▸ **Excerpted data**
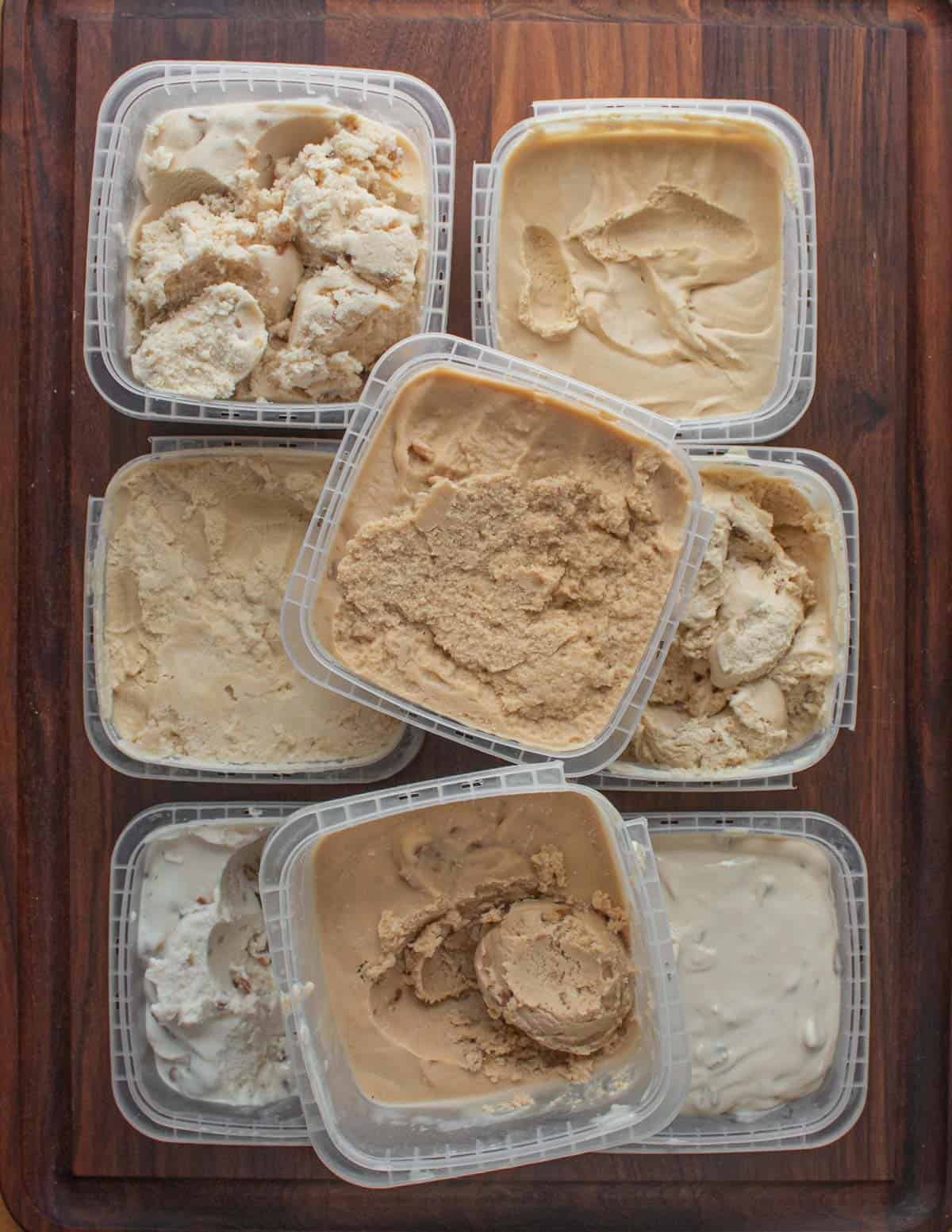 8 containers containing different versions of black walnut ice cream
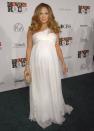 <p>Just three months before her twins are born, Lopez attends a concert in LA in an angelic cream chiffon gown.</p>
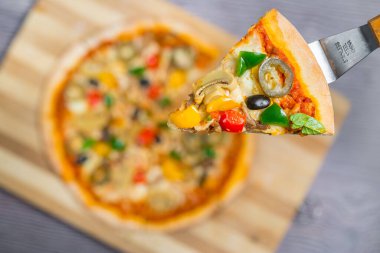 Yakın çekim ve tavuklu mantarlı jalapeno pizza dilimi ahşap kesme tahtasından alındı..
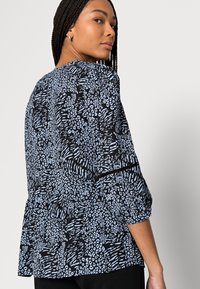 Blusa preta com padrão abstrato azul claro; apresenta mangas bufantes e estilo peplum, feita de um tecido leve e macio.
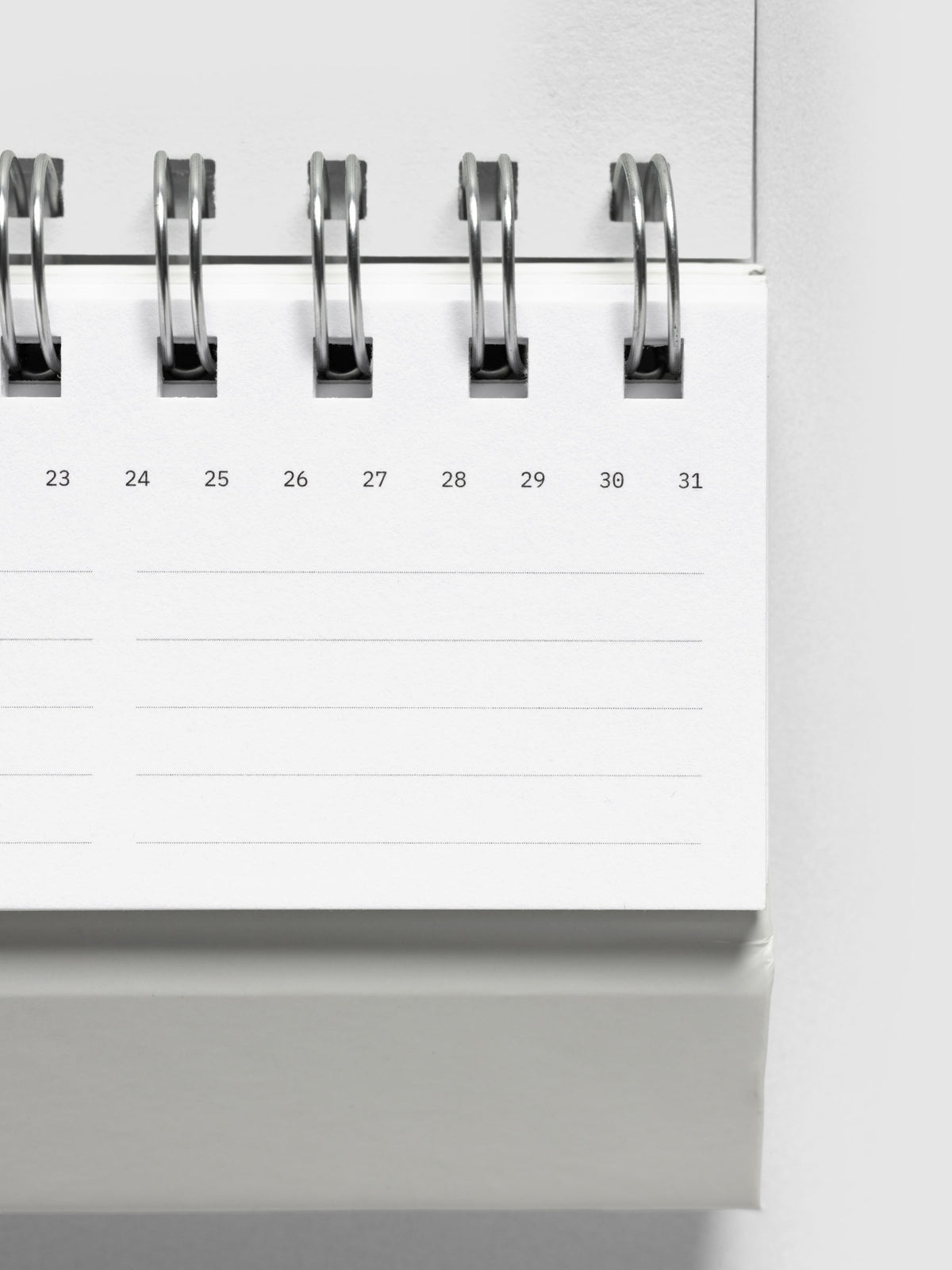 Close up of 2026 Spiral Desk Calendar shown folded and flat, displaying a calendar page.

▸ **Aim of the task**
Lines from the one containing "Blusa preta com" through the end of the listing, both included, are to be restated exactly, and pictures are to be left out.

▸ **Written reply**
 Blusa preta com padrão abstrato azul claro; apresenta mangas bufantes e estilo peplum, feita de um tecido leve e macio.
 Close up of 2026 Spiral Desk Calendar shown folded and flat, displaying a calendar page.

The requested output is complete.